Write out again, exactly as they appear, the lines from the start of the data below through the line with "超级汽车驾驶停车场游戏(Supra Car Driving Parking)"; no pictures.

---------- Source material

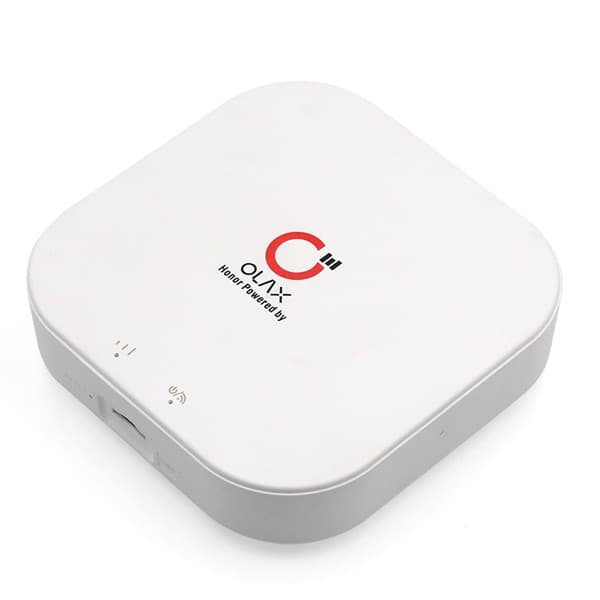 مودم همراه 3G/4G اولاکس مدل OLAX MT30 گارانتی اصلی — تصویر ۹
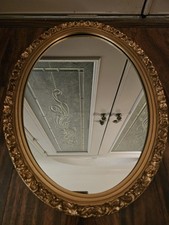 Vintage goldframe oval for sale  Beverly Hills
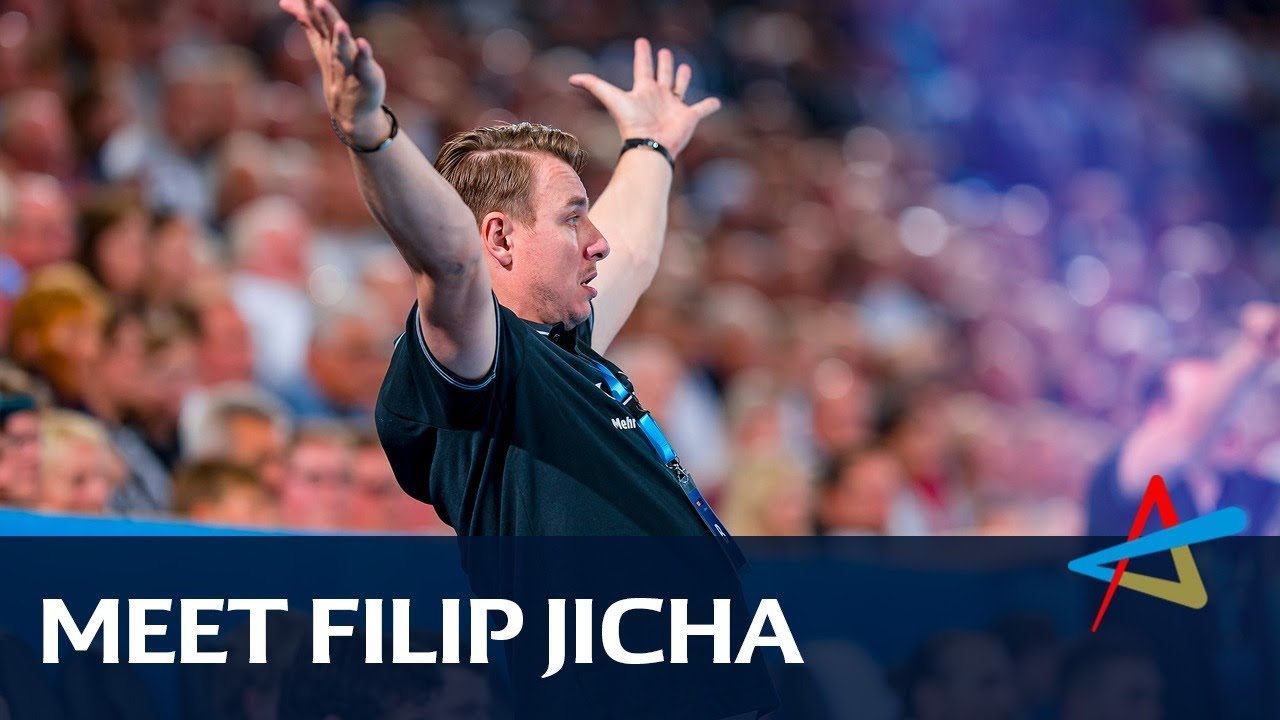 Meet Filip Jicha | Inside the game | VELUX EHF Champions League 2019/20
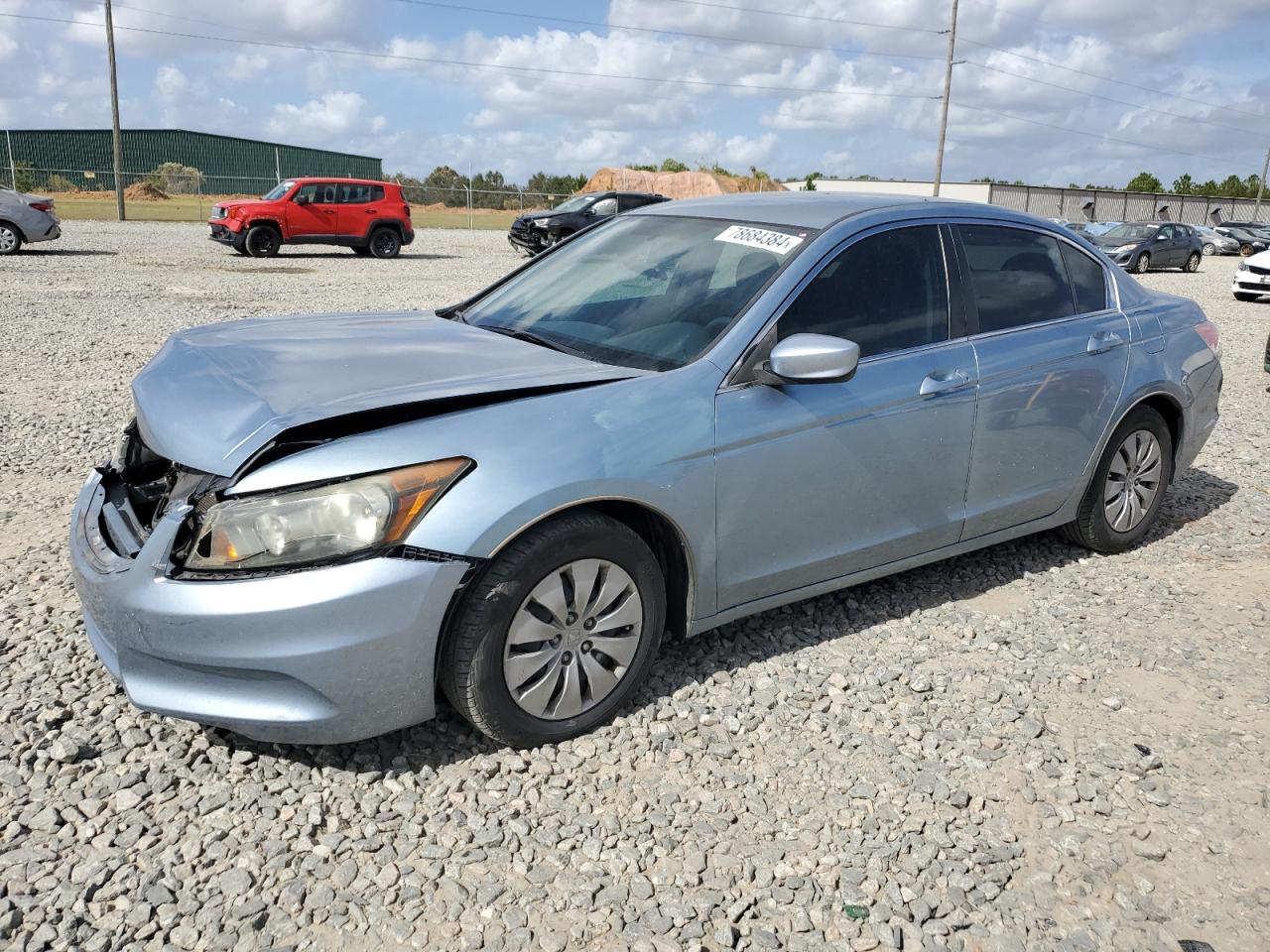 2012 Honda Accord - Image 1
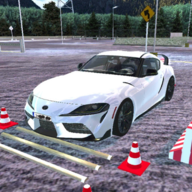 超级汽车驾驶停车场游戏(Supra Car Driving Parking)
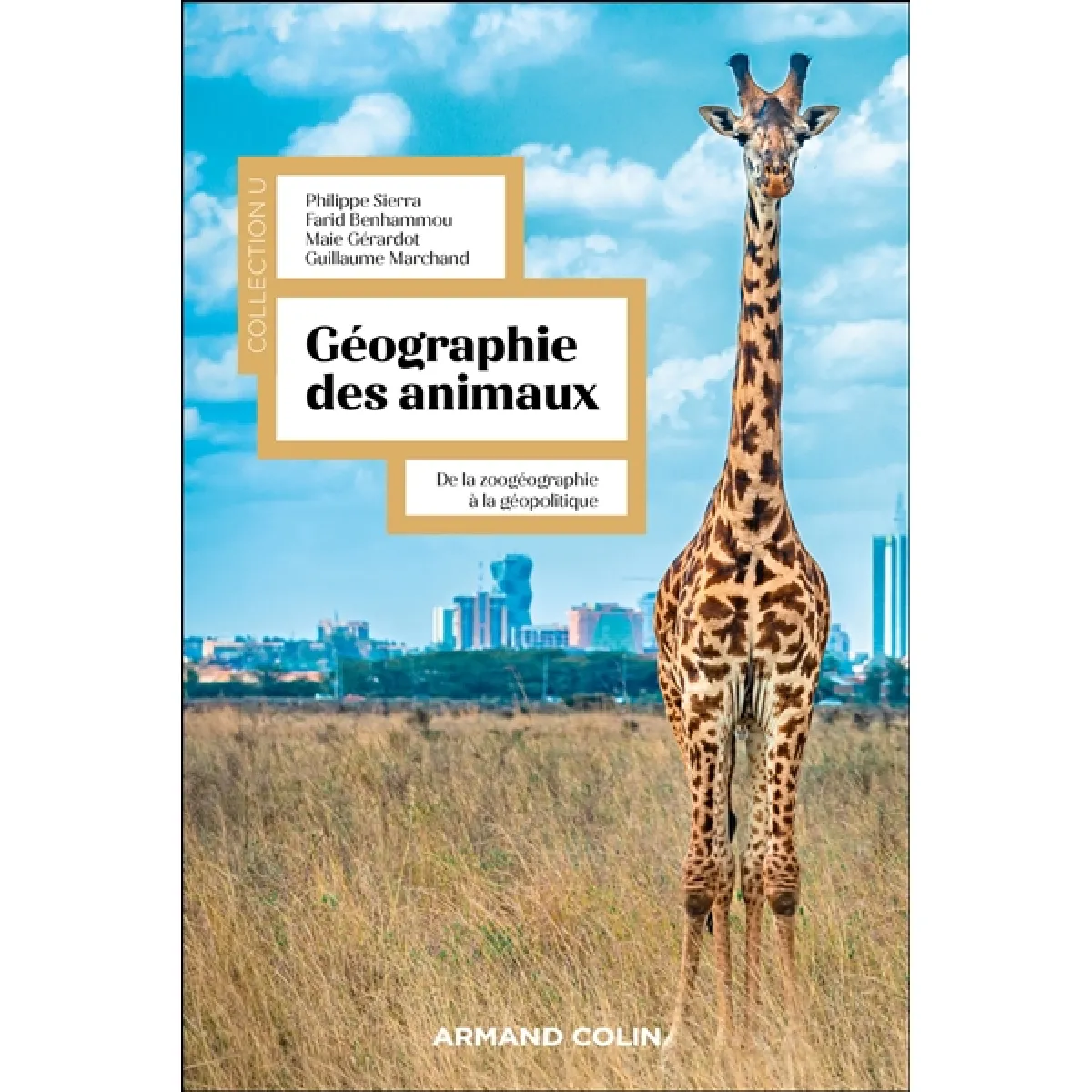 Acheter Géographie des animaux : de la zoogéographie à la géopolitique État correct - 13,20 € Géographie des animaux : de la zoogéographie à la géopolitique État correct N/A (Il ne s'agit pas d'une marque reconditionné disponible sur Rue du Commerce Seconde Vie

--------------------

Written response |
 مودم همراه 3G/4G اولاکس مدل OLAX MT30 گارانتی اصلی — تصویر ۹
 Vintage goldframe oval for sale  Beverly Hills
 Meet Filip Jicha | Inside the game | VELUX EHF Champions League 2019/20
 2012 Honda Accord - Image 1
 超级汽车驾驶停车场游戏(Supra Car Driving Parking)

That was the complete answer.